In that sense, everyone has a price. It just doesn't necessarily go directly in their pockets.
I don't know why Mullvad issued a notice to talk about ownership, but I presume it was because they've gotten alot of M&A interest or it's a marketing move to garner trust from their client-base (i.e. others are getting distrust for selling).
I know more examples of companies who publicly say they're not interested in selling that do than those that don't. In other words, why be public about it?[0] Clearly there is M&A interest for a company like this.
Do you know any for-profit orgs that say publicly they aren't selling and actually don't? Most I know simply aren't public about it.
[0] - Btw - one M&A trick to drive up a valuation is to say you're not for sale. So yes this heuristic is absolutely valid in that sense.
I didn't up nor downvote you because even though I think it's sad, I still see the interesting part in your comment:
You represent a branch of people this system grew which would rather make up some story than to believe that people actually won't sell something because it's important to them.
That's fair. To expand further, businesses are run people who have families, ambitions, etc. Starting and running companies puts a lot of stress on those factors. When someone offers you life changing to sell, your ideals around "protecting the greater good of the people" can quickly dilute.
Can you imagine that this greed-talk looks alien to some people out there? Look, their numbers look quite good already. I'm sure you can have a decent life in Sweden with all that money. So why should they feel the urge to sell? Where do you see this invisible magic force which has to turn everybody into greedy zombies without principles?
And yes, think about their families. My SO would throw me out if I's sell what I believe in and I'd deserve it. What an example to the kids would that make? I'd be despicable to them.
Probably because ExpressVPN announced their sale to Make the other day. They took advantage of the situation to day "hi, you can trust us because we're more principled than that," to both their existing customers and ExpressVPN users who want to jump ship.

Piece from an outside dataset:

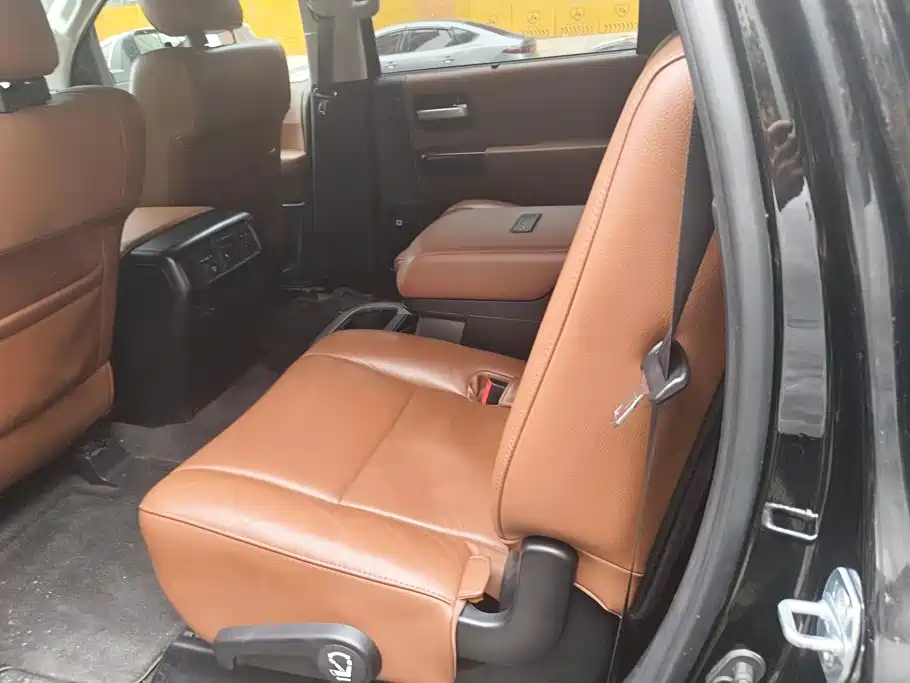 Toyota Sequoia — миниатюра 11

I don't get the business model of a VPN. You're willingly becoming a magnet for scum, crime, piracy and malware, with maybe 1% of legitimate users.
Surely the support costs of dealing with all the constant abuse reports would outweigh the fee they are charging, not to mention the costs of running the infrastructure (if they're used for piracy they'd need quite a bit of bandwidth)?
Even if you are legally in the clear, it doesn't strike me as a business someone wants to get involved in unless there are alternative objectives they don't disclose.
I'm interested to know where you sourced that number?
There are plenty of legitimate use cases for a VPN.
While I agree there is definitely users with subpar intentions, I highly doubt 99% of people subscribing to a VPN are doing it because they are 'scum'.
I mean his comment is the illustrative argument for why VPNs exist. Basically in a world where a Westerner (a historically relatively more liberal bunch) categorizes 99% of everything they don’t agree with as scum, copyright infringement, or worse - that’s all the motivation you need for safe, reliable communication infrastructure.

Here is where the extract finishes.